EXERCISE –
Please return, word for word, the line containing "A woman in a" and each line after it through the end of the data below, and nothing else.

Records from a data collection
::::
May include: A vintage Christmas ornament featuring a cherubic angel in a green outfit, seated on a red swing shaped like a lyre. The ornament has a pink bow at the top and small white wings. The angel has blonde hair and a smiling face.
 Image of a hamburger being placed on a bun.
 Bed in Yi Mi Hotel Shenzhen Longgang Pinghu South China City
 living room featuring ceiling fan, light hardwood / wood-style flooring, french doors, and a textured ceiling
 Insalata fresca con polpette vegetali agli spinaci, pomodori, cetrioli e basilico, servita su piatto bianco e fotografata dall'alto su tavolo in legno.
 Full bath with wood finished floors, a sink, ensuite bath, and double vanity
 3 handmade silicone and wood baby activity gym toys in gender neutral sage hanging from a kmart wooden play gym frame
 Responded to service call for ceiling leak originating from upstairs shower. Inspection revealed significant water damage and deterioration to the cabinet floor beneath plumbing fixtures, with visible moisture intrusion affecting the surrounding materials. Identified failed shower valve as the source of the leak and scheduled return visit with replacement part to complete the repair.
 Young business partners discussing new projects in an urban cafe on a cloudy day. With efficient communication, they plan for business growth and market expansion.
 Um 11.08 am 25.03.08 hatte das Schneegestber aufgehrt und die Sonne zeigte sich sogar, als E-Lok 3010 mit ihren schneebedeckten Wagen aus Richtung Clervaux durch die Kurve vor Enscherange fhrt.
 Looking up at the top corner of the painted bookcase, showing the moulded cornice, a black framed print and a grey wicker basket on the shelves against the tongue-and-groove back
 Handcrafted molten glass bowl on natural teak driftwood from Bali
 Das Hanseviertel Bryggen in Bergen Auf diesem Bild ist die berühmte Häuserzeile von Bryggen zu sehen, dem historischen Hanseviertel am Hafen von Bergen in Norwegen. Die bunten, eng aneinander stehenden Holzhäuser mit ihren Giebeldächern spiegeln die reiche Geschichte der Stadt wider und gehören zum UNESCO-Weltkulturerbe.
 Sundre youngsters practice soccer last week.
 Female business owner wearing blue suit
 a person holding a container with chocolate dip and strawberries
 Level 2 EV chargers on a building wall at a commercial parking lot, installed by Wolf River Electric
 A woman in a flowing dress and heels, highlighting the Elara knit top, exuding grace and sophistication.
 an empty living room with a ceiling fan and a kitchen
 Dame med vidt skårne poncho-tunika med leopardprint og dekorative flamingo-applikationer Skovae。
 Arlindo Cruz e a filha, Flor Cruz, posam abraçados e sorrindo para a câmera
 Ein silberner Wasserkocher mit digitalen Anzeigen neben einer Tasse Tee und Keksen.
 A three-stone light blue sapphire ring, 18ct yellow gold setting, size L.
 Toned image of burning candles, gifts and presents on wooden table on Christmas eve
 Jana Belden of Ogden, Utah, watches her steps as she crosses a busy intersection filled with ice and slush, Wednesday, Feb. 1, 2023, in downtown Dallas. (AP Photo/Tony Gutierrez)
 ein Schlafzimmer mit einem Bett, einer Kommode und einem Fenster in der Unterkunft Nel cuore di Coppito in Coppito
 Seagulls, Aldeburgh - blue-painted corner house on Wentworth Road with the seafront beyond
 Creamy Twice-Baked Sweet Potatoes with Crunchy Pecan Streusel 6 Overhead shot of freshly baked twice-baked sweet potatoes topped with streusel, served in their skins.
::::
OUTPUT OF THE TASK –
 A woman in a flowing dress and heels, highlighting the Elara knit top, exuding grace and sophistication.
 an empty living room with a ceiling fan and a kitchen
 Dame med vidt skårne poncho-tunika med leopardprint og dekorative flamingo-applikationer Skovae。
 Arlindo Cruz e a filha, Flor Cruz, posam abraçados e sorrindo para a câmera
 Ein silberner Wasserkocher mit digitalen Anzeigen neben einer Tasse Tee und Keksen.
 A three-stone light blue sapphire ring, 18ct yellow gold setting, size L.
 Toned image of burning candles, gifts and presents on wooden table on Christmas eve
 Jana Belden of Ogden, Utah, watches her steps as she crosses a busy intersection filled with ice and slush, Wednesday, Feb. 1, 2023, in downtown Dallas. (AP Photo/Tony Gutierrez)
 ein Schlafzimmer mit einem Bett, einer Kommode und einem Fenster in der Unterkunft Nel cuore di Coppito in Coppito
 Seagulls, Aldeburgh - blue-painted corner house on Wentworth Road with the seafront beyond
 Creamy Twice-Baked Sweet Potatoes with Crunchy Pecan Streusel 6 Overhead shot of freshly baked twice-baked sweet potatoes topped with streusel, served in their skins.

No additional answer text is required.